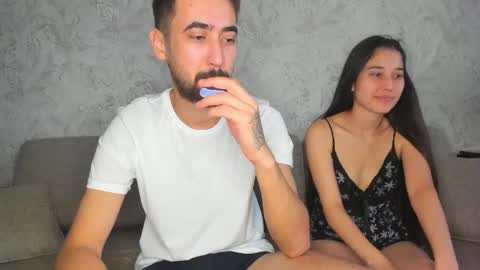 sophywhisper online show from 09.20.25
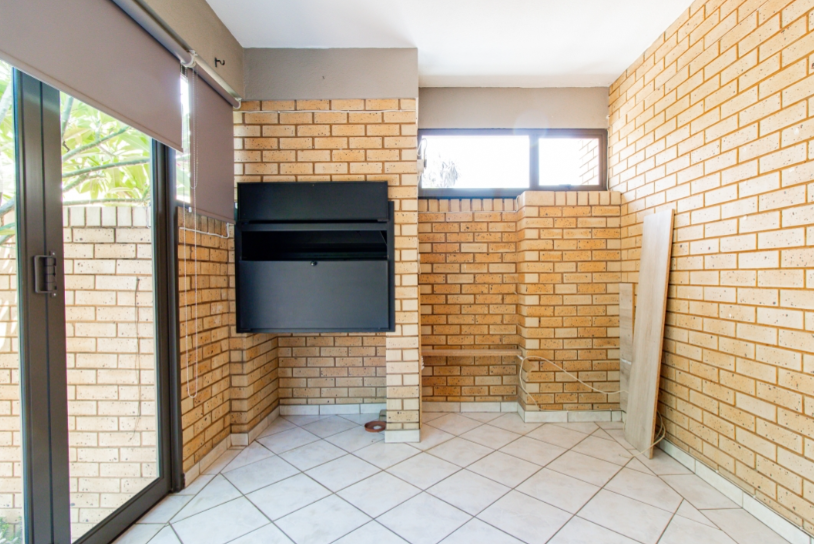 4 Bedroom Property for Sale in Meyersdal Gauteng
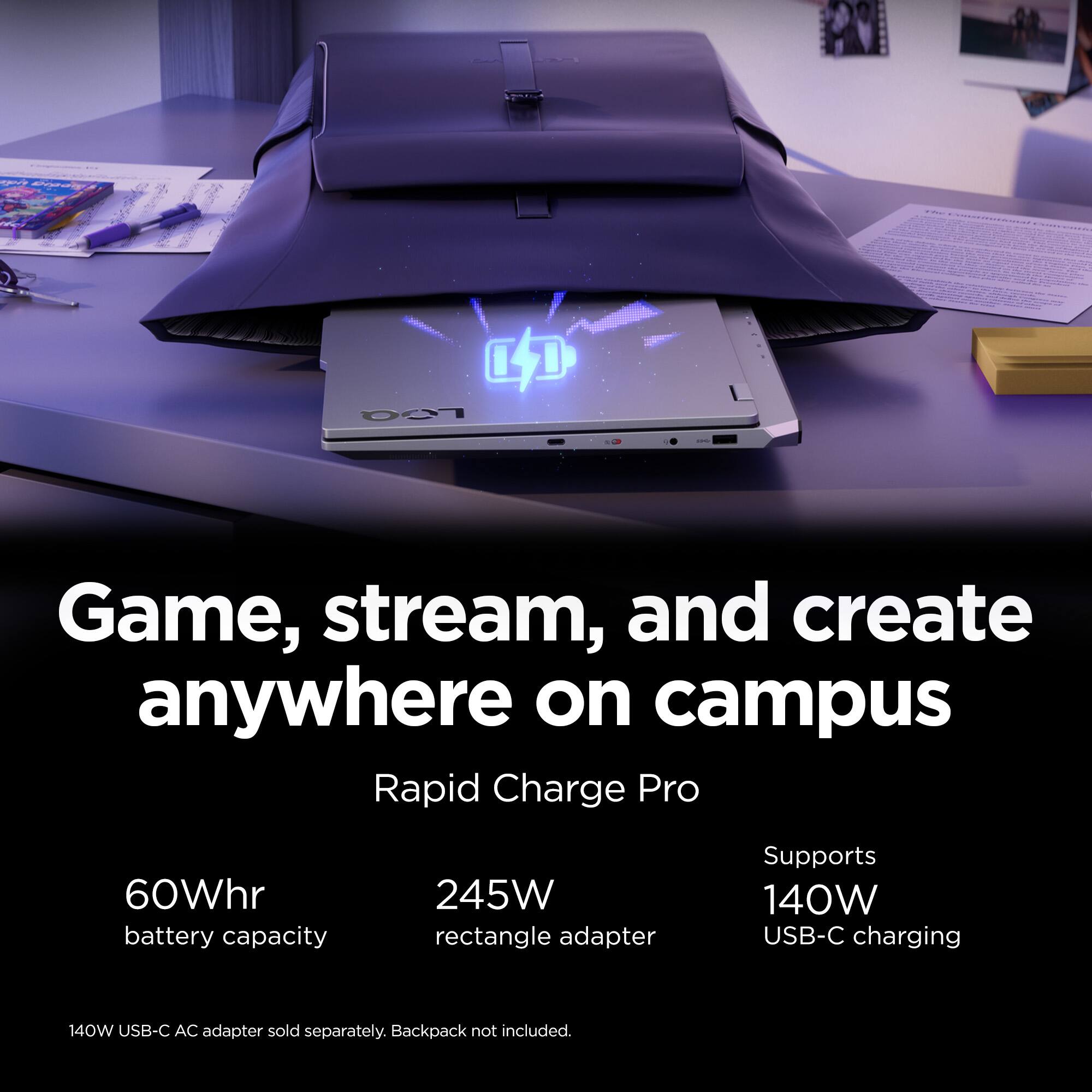 The text on the image is already grouped and correctly written.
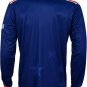 USA New Cricket Fan Jersey ICC T20 World Cup 2024 For Men's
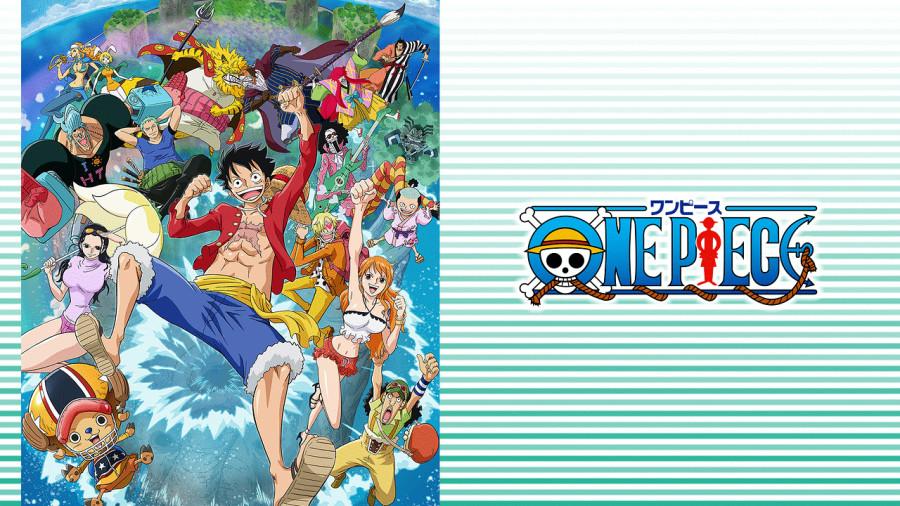 日语阅读 - 我也想自由地活着 | 海贼王 - MOJi辞書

▸ **Work request**
Reproduce the material above verbatim; omit every picture.

▸ **Response to the exercise**
 sophywhisper online show from 09.20.25
 4 Bedroom Property for Sale in Meyersdal Gauteng
 The text on the image is already grouped and correctly written.
 USA New Cricket Fan Jersey ICC T20 World Cup 2024 For Men's
 日语阅读 - 我也想自由地活着 | 海贼王 - MOJi辞書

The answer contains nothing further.